A regular Thursday feature of this channel.

Peter Baird


This is the first time I’ve put the Problem Child in the leadoff slot. Too Much For One (Not Enough For Two) is so strong in lyrics, production, and performance it should make any year-end Top 100 list. It’s the mythical missing duet from the Nancy Sinatra/Lee Hazlewood album. Written and performed by Paul Heaton and Jacqui Abbott, it also surrenders to the current tsunami in overuse of tape saturation plugs to add distortion to the lead vocals in order to get them to cut over a dense track. Compound that with overly aggressive limiting in mastering, and the result is a cut that sounds acceptable on some systems, hairy edge of listenable on others, and downright objectionable on others.

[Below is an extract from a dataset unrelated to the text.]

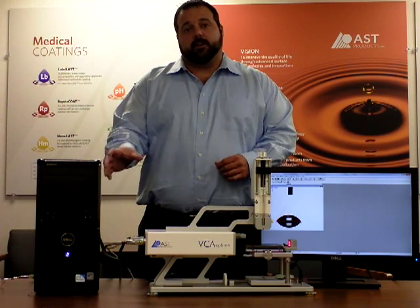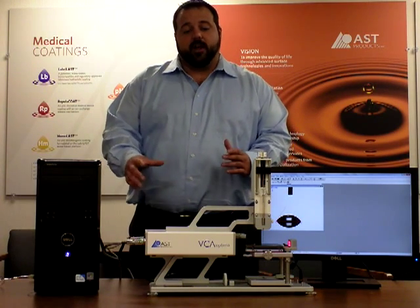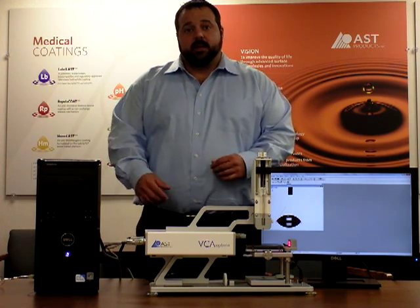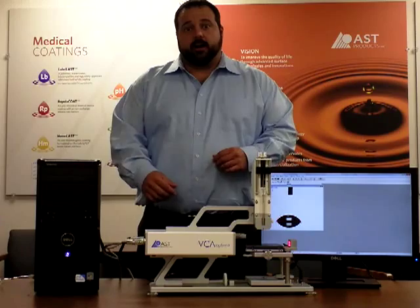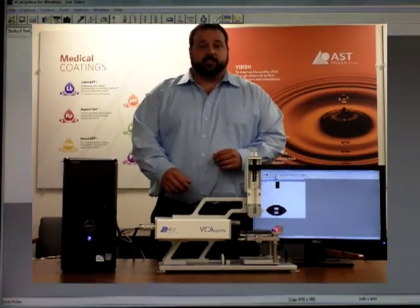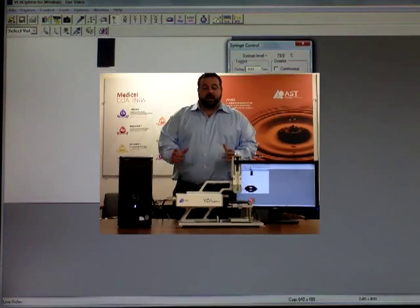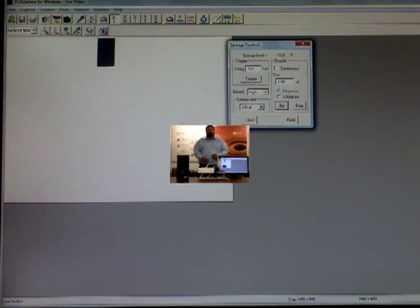The computer itself is pre-loaded with our VCA software. Today we're going to show the basic features of this software and show you how to measure a contact angle.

I get it, the saturation makes things a shade more urgent and exciting, I’ve been guilty of overuse of this on occasion as well. But with a tune this strong, you really have to be thinking 10, 20, 30 years down the road and make sure you don't do anything you'll regret.

My Love Will Come Again is that rare small combo jazz original with a head strong enough to hold its own melodically, and not just function as bookend to the solos. Seriously, it’s 2:12 into the piece before any solo. Cohen himself is content just to spell chords in his right hand while Sean Jones and Patrick Bartley handle the heavy lifting on trumpet and sax. The sensation is driving the 101 on a sunny, traffic-free day in a convertible.

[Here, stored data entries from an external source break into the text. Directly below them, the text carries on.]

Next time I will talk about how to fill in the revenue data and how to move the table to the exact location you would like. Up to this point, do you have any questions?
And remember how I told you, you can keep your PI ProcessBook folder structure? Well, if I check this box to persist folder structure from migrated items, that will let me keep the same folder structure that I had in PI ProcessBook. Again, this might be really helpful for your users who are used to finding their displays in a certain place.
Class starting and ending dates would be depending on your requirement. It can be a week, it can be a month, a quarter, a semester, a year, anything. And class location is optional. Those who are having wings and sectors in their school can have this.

What do you say about another version of Didn’t It Rain? Well, this one certainly has the most parallel fourths in it. Jake Blount also wins the backing vocal re-harmonization competition hands down. Spectacular guitar solo, perfect production. But the real magic here is Jake’s voice. I keep wondering how they got that performance—it sounds like a first take.

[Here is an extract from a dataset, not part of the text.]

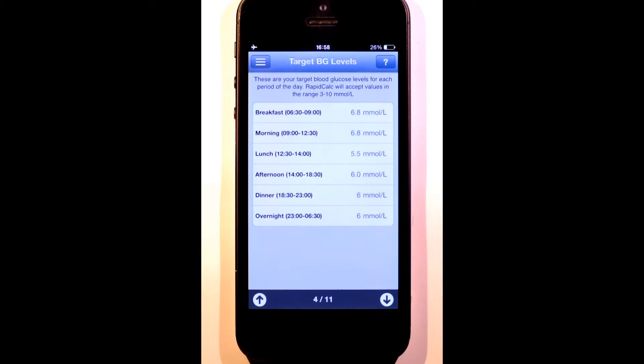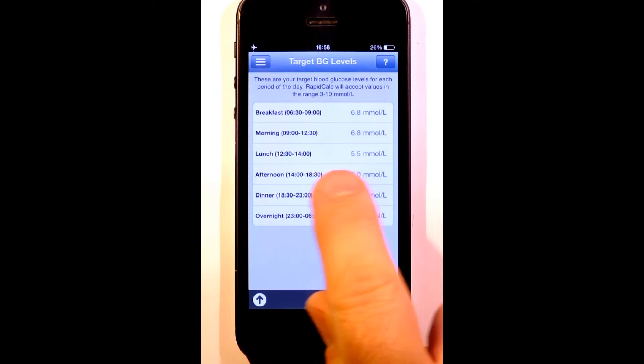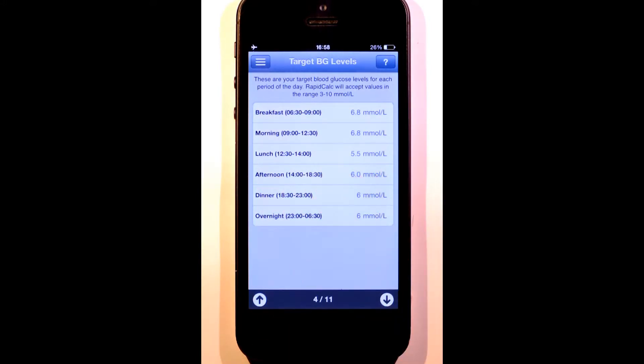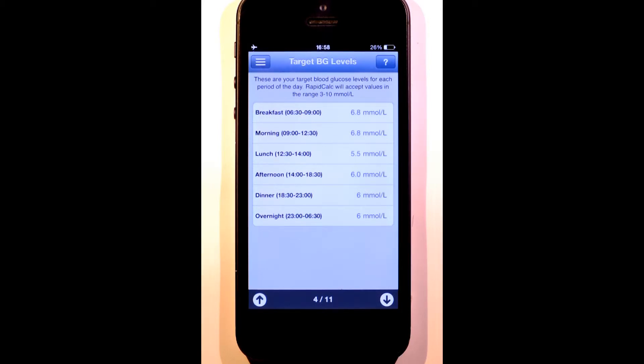For me though, my lunch target is 5.5 mmol per liter, which means that during the lunch period, RapidCalc will calculate the dose needed to get me to this target based on my current blood glucose reading and my planned carb intake.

Visions is the exact opposite of My Love Will Come Again: the 101 in traffic, and a steady grey rain washing the colors out the world. The group here is Austrian trio Owls supplemented by trumpeter Herbert Walser-Breuß, and the album, if you’re curious, is called Wendolins Monocle and is termed an “interdisciplinary programmatic work” that also features vocals and spoken word. Very avant-garde. None of that here, just really fine jazz with David Ambrosch’s bass right up front pushing the sense of unease.